От фермы к фабрике (Аллен) - страница 22

К столь же пессимистичным выводам пришли аналитики российского делового мира и истории его взаимоотношений с государством. Их исследования продемонстрировали, как политика государства и русская культурная традиция подавляли предпринимательскую инициативу и препятствовали становлению коммерческого общества западного типа. В отличие от Гершенкрона, сторонники этого направления считали, что «развитие страны, прежде всего, сдерживалось государственными структурами и их политикой, а не отсутствием спроса, и, следовательно, необходимостью создания суррогата внутреннего рынка». Эти барьеры включали «неопределенность прав собственности и ограниченный доступ к капиталам, рынкам и навыкам» (Карстенсен и Гуров. 1983, 355). Ярким тому примером может служить корпоративное право.

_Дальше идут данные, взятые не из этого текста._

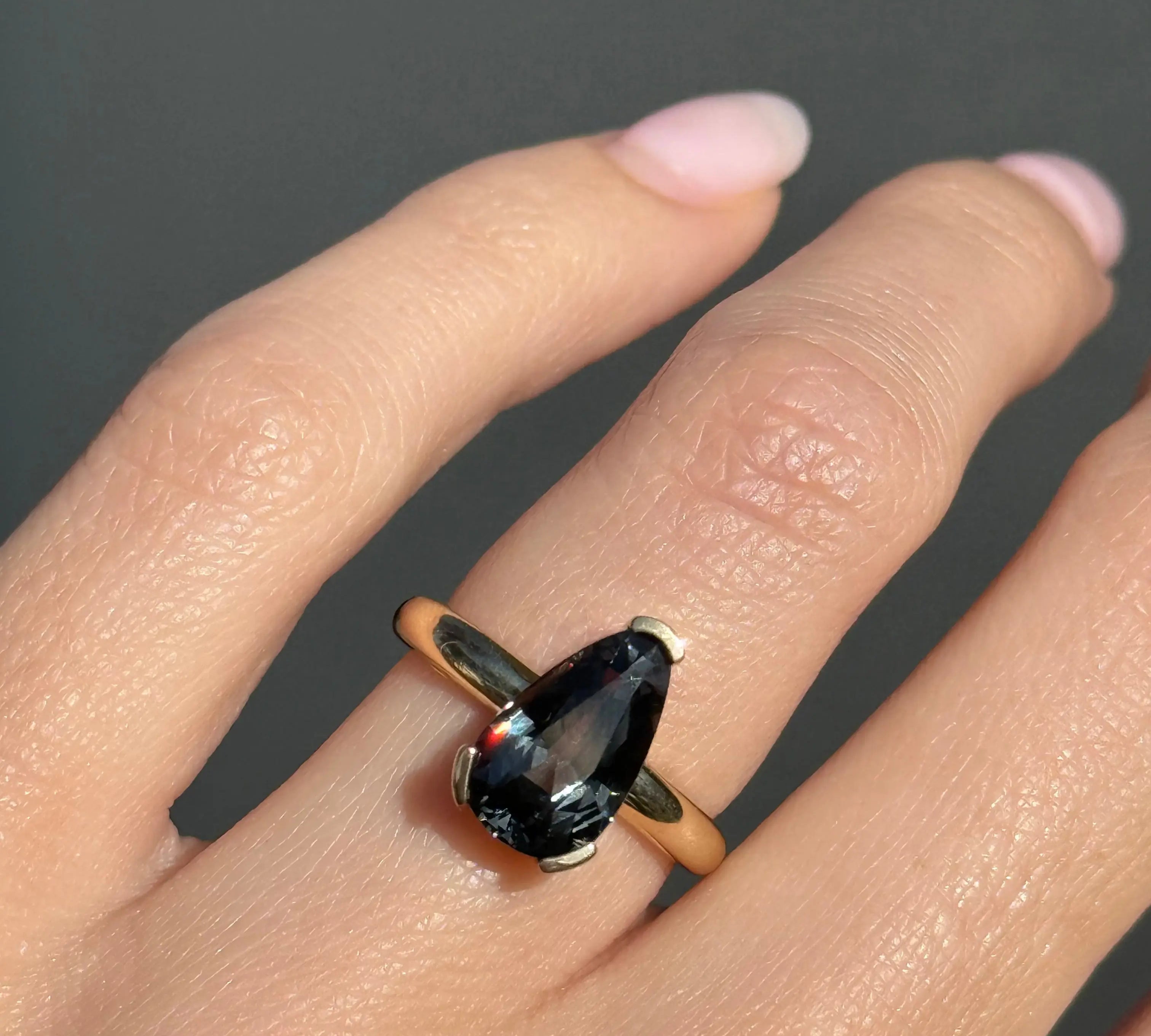 Ring with a large gemstone on a finger against a dark background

Вместо инкорпорирования путем простой юридической регистрации, что являлось обычной практикой в Японии и других развитых странах, российская «концессионная система инкорпорирования, позволяющая затянуть процедуру одобрения уставов, препятствовала свободному появлению корпораций». Причем часто в те варианты уставов, которые проходили одобрение, вносились условия, налагающие ограничения на права собственности и свободу деятельности. Иными словами, успешность бизнеса в значительной степени зависела от государственной поддержки. Тарифы, субсидии, процентные ставки могли подлежать произвольному изменению по воле бюрократии (Оуэн. 1995, 21–22). В основе политики империи лежал отнюдь не тот тезис Адама Смита, согласно которому взаимодействие личных интересов производителей способствует повышению благосостояния общества. Вместо этого государство настолько жестко контролировало частное предпринимательство, что даже сама вероятность спонтанного роста была минимальной.

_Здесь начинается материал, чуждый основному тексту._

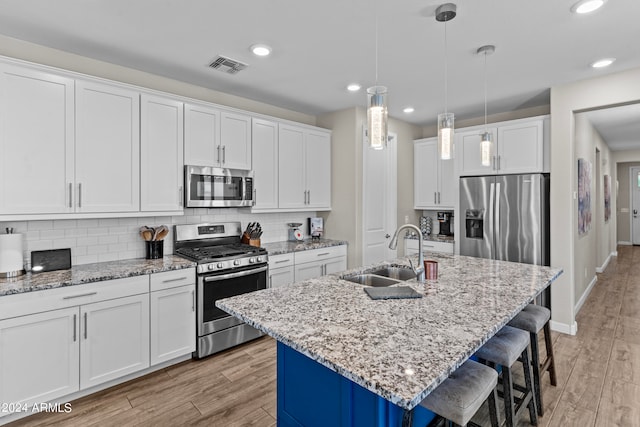 kitchen featuring light hardwood / wood-style floors, a kitchen island with sink, sink, white cabinets, and appliances with stainless steel finishes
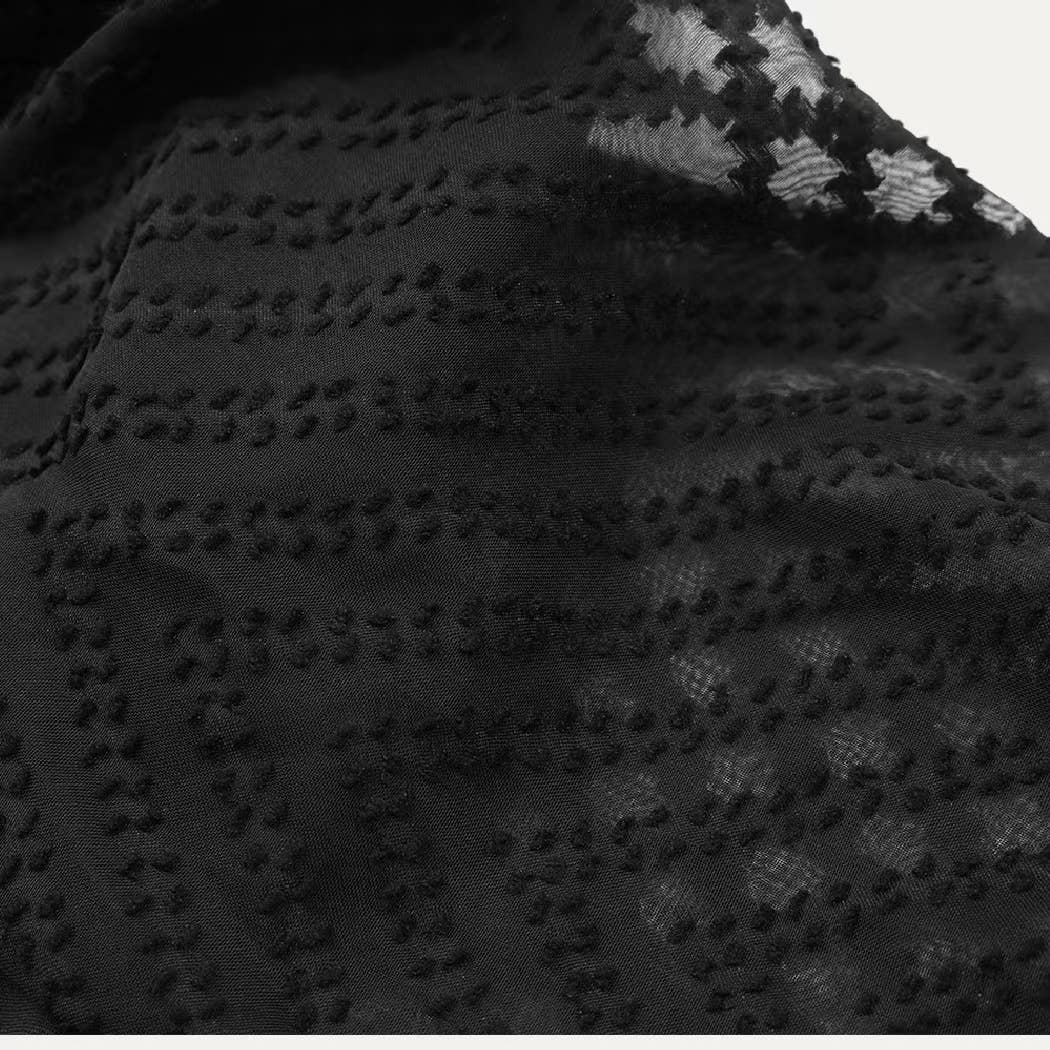 Noir Combinaison Grace noire transparente à col en V et manches longues et jambes larges en vente sur Faire7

Мнение современных исследователей и аналитиков экономической истории заключается в том, что четкое определение прав собственности и стабильные законодательные рамки способствуют капиталистическому росту, тогда как произвольное регулирование, высокие транзакционные издержки и коррупция ему препятствуют (Норт и Томас. 1973; Норт. 1990). Правовая система и деловая среда в Российской империи этим требованиям не соответствовали. «Какой бы решительной ни была экономическая политика царского правительства, она создавала прочный фундамент законности» (Оуэн. 1995, 28). В этом отношении ситуация в России в 1900 г. сильно напоминала 2000 г., а также повторяла неудачный опыт многих капиталистических стран третьего мира.

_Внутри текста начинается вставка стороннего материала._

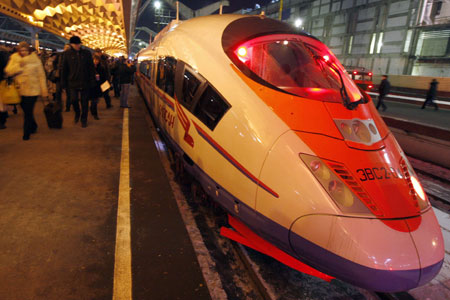 Passengers walk past Russia&apos;s first high speed train Sapsan in St Petersburg December 17, 2009. Travelling at up to 250 km (155 miles) an hour, the Sapsan will cut the journey time between Russia&apos;s two main cities of Moscow and St Petersburg to three hours 45 minutes from at least four and a half hours, delighting business travellers.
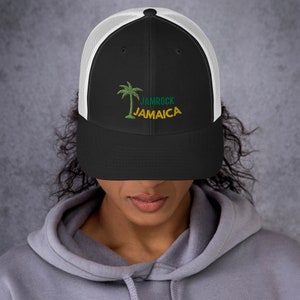 May include: Black and white trucker hat with a green palm tree and the text "Jamrock Jamaica" embroidered on the front.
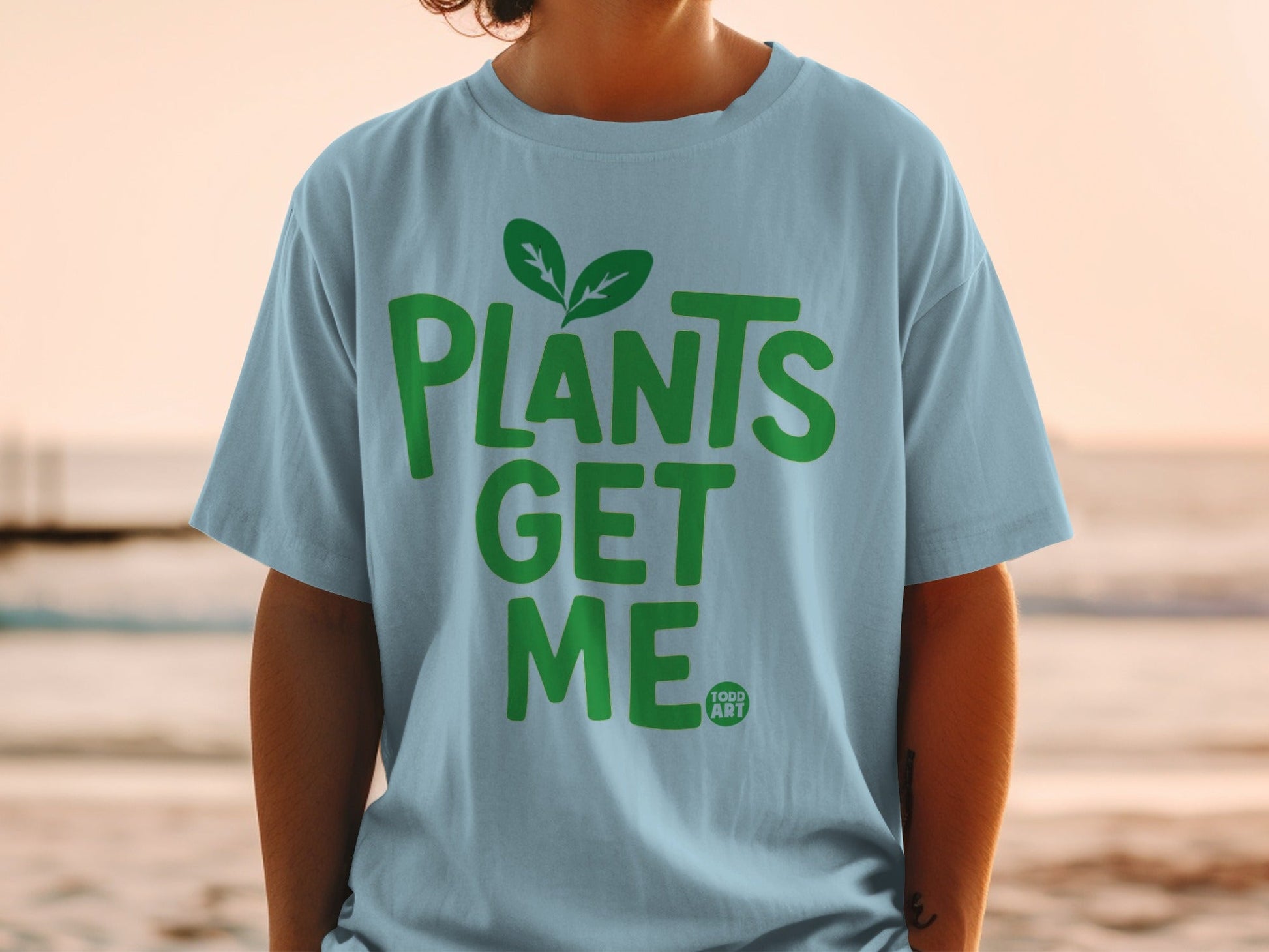 Light blue t-shirt with "PLANTS GET ME" in green text and a small leaf logo.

Подобные черты были далеко не случайны в российской политике. Они лишь являлись отражением распространенного и глубоко укоренившегося антикапиталистического восприятия русского человека, а также крайне реакционных интересов царя. По словам МакДэниэла (1988, 17), «прочность и законность капитализма зиждется на трех институтах: частная собственность, закон и контрактные отношения — на триаде, которая в силу автократичности политической структуры в России была развита очень слабо. Без этих трех условий в стране не существовало стабильного фундамента для развития предпринимательских прав и коммерческой инициативы». Карстенсен и Гуров (1983, 353–354) выделяли три школы, боровшиеся за влияние на политику царя. Традиционалисты, подобные Плеве, открыто противостояли веяниям индустриализации и модернизации, в том числе внедрению западной системы собственности и права. Индустриали-заторы, как Витте, полагали возможной индустриализацию без модернизации. «Эти сторонники индустриализации крайне редко были склонны допускать, не говоря уже о том, чтобы включать официальные заявления, необходимость существенных институциональных реформ, особенно тех реформ, что могли бы ограничить власть и подорвать легитимность центра». Наиболее склонными к трансформации основополагающих институтов российского государства были модернизаторы. Выдающимся представителем этого направления был Столыпин. И хотя ему удалось инициировать проведение весьма важной аграрной реформы, все же эта группа была довольно немногочисленной. В результате влияние Столыпина еще до его убийства было серьезно ослаблено деятельностью традиционалистов. В связи с этим следует отметить один любопытный факт: все наследники царского престола обязаны были прослушать курс лекций по экономике, в котором подчеркивались преимущества частной собственности и ограничения государственного вмешательства. И все же в период своего правления Николай II, чья экзаменационная работа по итогам курса получила удовлетворительную оценку, впоследствии не стремился применять полученные знания на практике (Оуэн. 1995, 28; Ананьич. 1983, 136).